Als Mitglied des Redaktionsbeirats im bundesweit erscheinenden Psychotherapeutenjournal hat Jürgen Hardt viele Veröffentlichungen psychoanalytischer Autoren gefördert und begleitet; auch einige von uns konnten dort publizieren. Die Anerkennung, die er dort genoss, erstreckte sich weit über regionale oder politische Grenzen – er war ein geschätzter, manchmal auch gefürchteter Diskussionspartner, aber auch persönlicher Ratgeber und Lehrer. Dies galt auch für die DPV und die DGPT, seine wichtigen Fach- und Berufsverbände, in denen er neben der Berufspolitik immer wieder wichtige fachliche Anstöße gab. Jürgen Hardt hatte die seltene Gabe, in scheinbar realpolitischen Fragestellungen die wesentlichen Grundfragen herauszuarbeiten und dadurch die Bedeutung der zu treffenden Entscheidungen in neuem Licht zu betrachten.

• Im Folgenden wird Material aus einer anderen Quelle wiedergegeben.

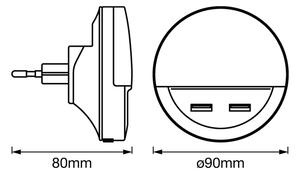 Osram - LED Nočné svietidlo do zásuvky so snímačom LUNETTA 2xUSB LED/13W/230V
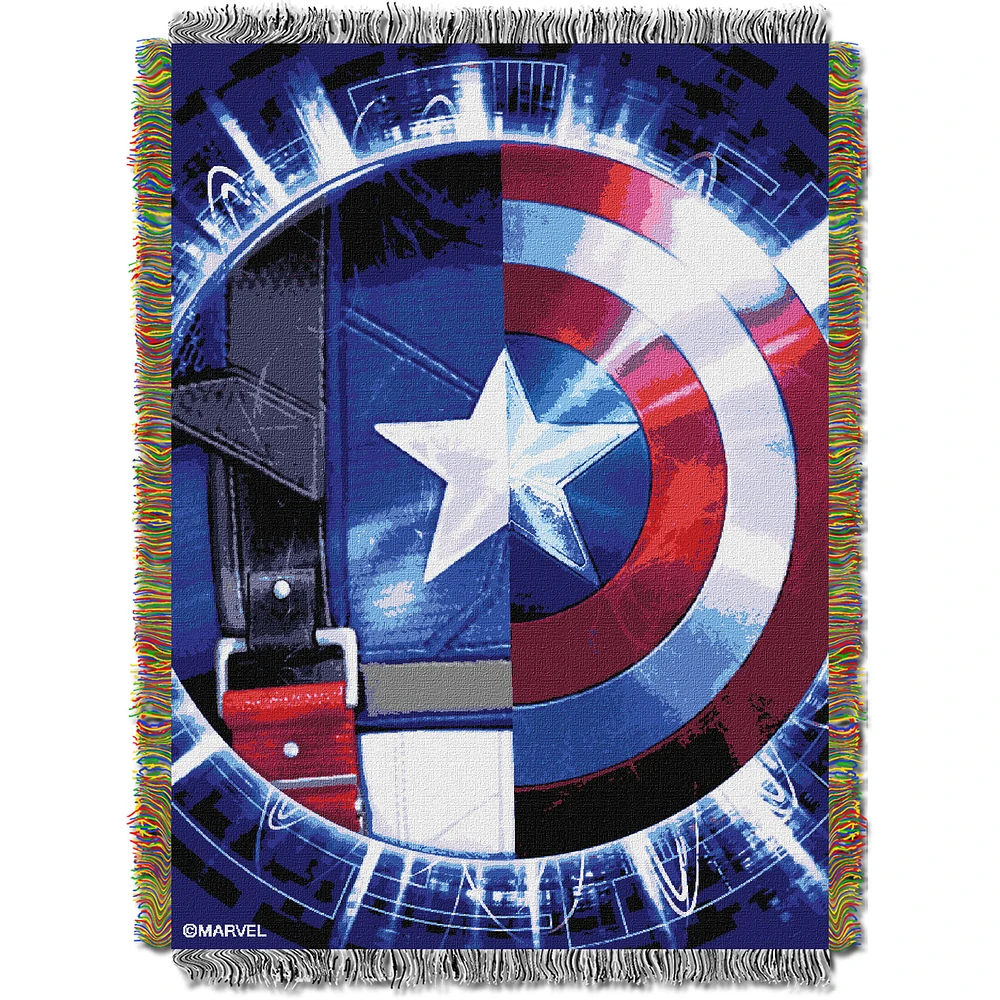 The Northwest Group The Avengers Captain America Shield 46'' x 60'' Woven Tapestry Throw Blanket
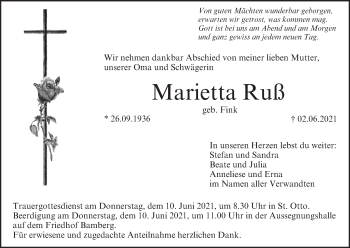 Anzeige von Marietta Ruß von MGO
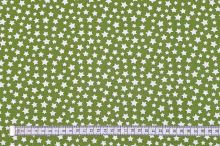Bavlněné plátno olivové, bílé hvězdičky, š.140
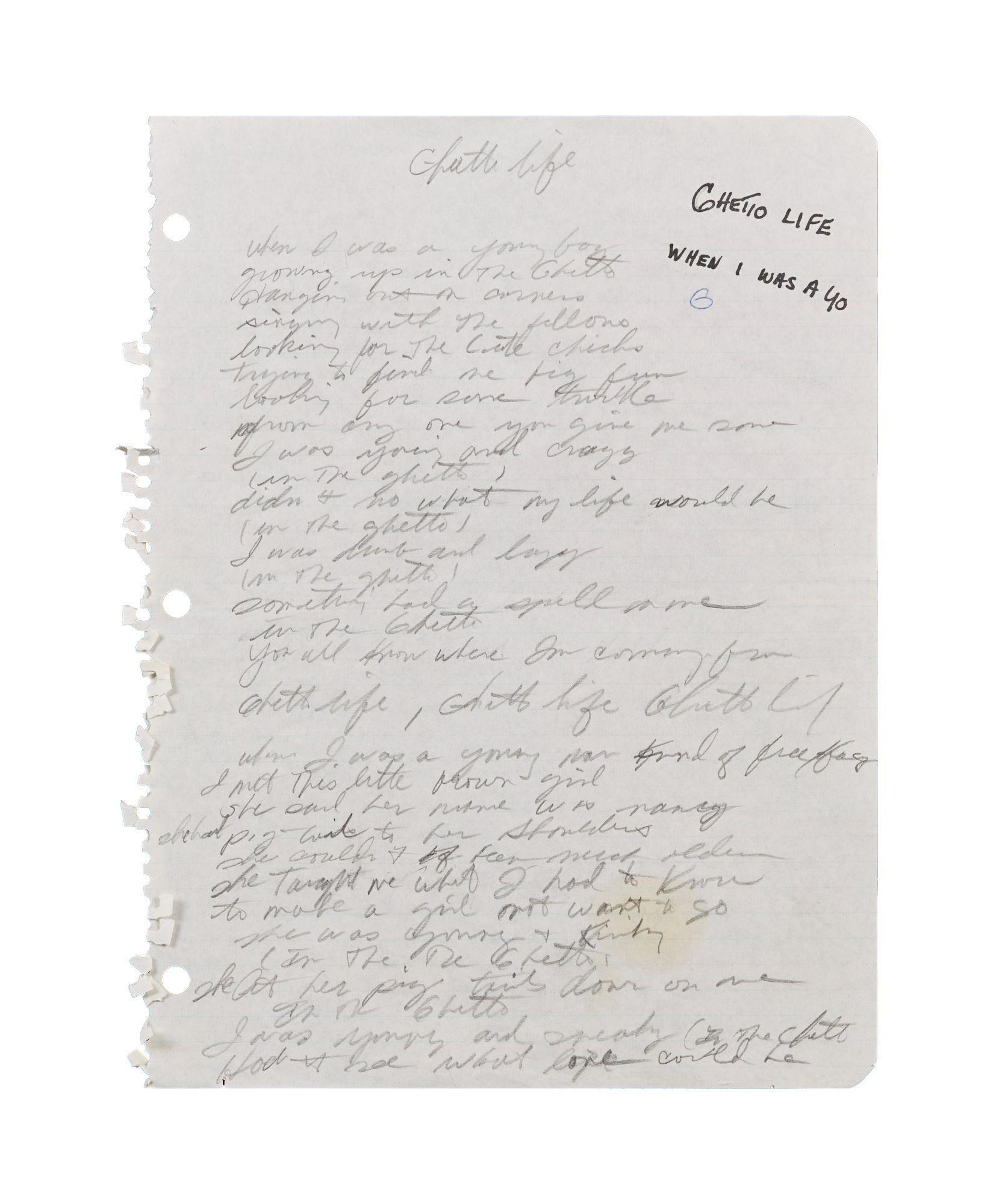 Rick James | Handwritten Working Lyrics for "Ghetto Life" Rick James Handwritten Working Lyrics for "Ghetto Life"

So z.B. beim Thema „Beitritt zum Versorgungswerk“, über den eine Delegiertenversammlung zu entscheiden hatte. Statt die Vor- und Nachteile eines Beitritts aufzuzeigen eröffnete er den Tagesordnungspunkt mit dem Thema der Generativität und Generationenverantwortung, das die Debatte sofort in einen neuen Rahmen stellte und eine sehr ernsthafte und verantwortliche Diskussion einleitete.

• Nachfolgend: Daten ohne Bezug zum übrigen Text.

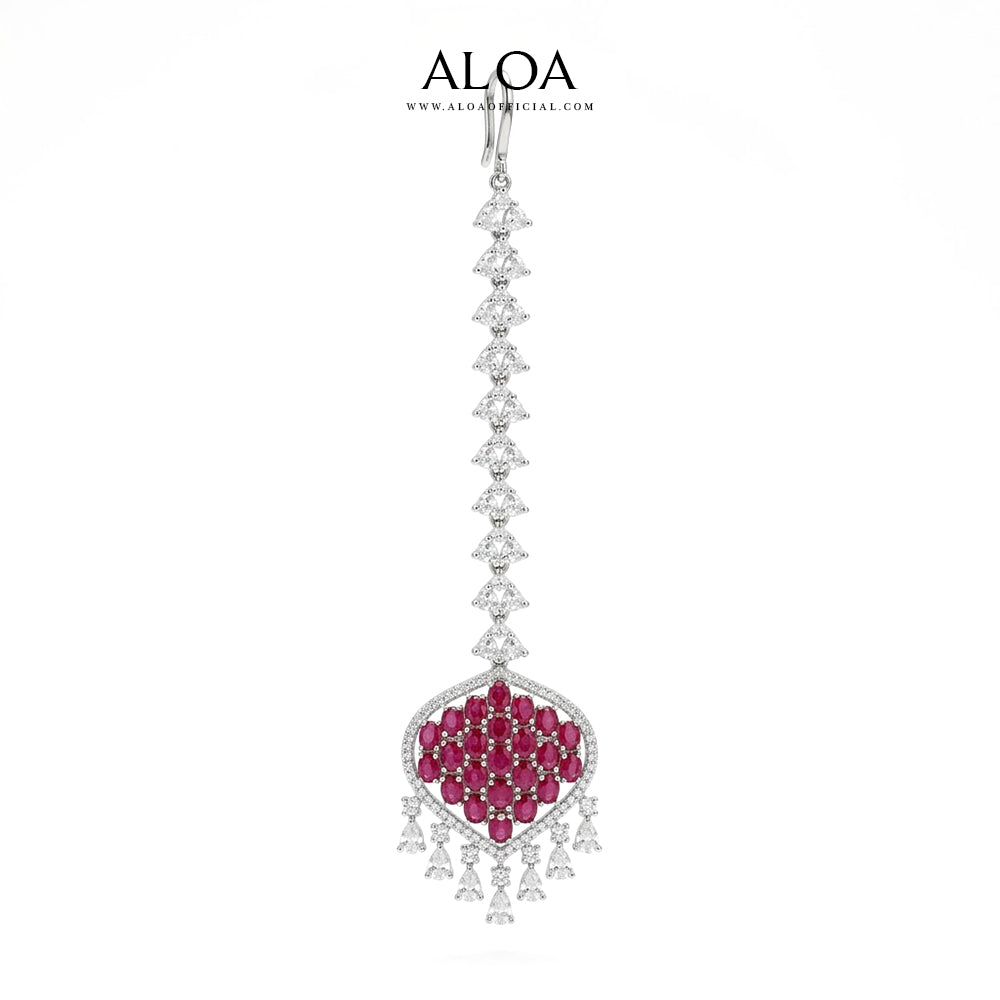 Silver-Tone Crimson Teardrop Layered Necklace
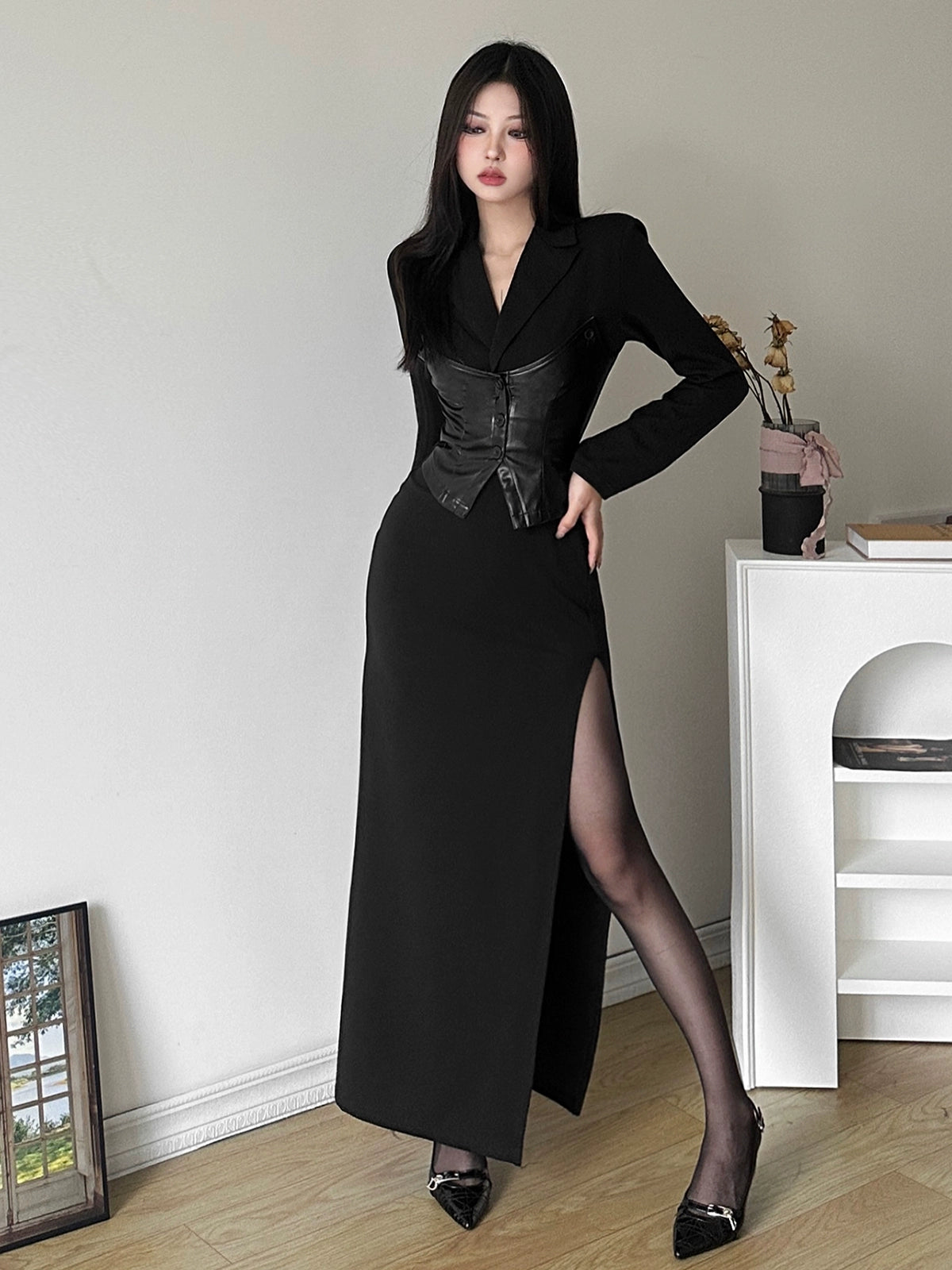 Kliou Sister Tuo Cool Style Black PU Leather Stitching Lapel Dress Women's Tight Waist Slimming Slit Sheath Dress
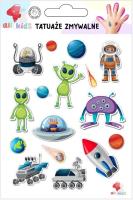 Tartuaże zmywalne dla dzieci Kosmos. Wydawca: All4Kids. SmakLiter.pl Opakowanie Tartuaże zmywalne dla dzieci Kosmos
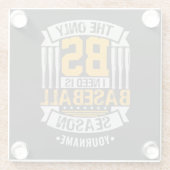 Funny Baseball Sarcasm Glazen Onderzetter (Achterkant)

Jürgen Hardt wusste seit dem Spätsommer, dass er seiner schweren Krankheit erliegen und dass es keine Hoffnung auf Heilung mehr geben würde. In einer beeindruckenden Weise hat er sich – wach und klug bis zuletzt – mit seiner Krankheit, dem Leben und dem Tod auseinandergesetzt – offen, schutzlos, mutig und berührend für alle, die in den letzten Wochen mit ihm sprachen. Aber wir haben mit ihm weinen und lachen können – und uns verabschieden und bedanken.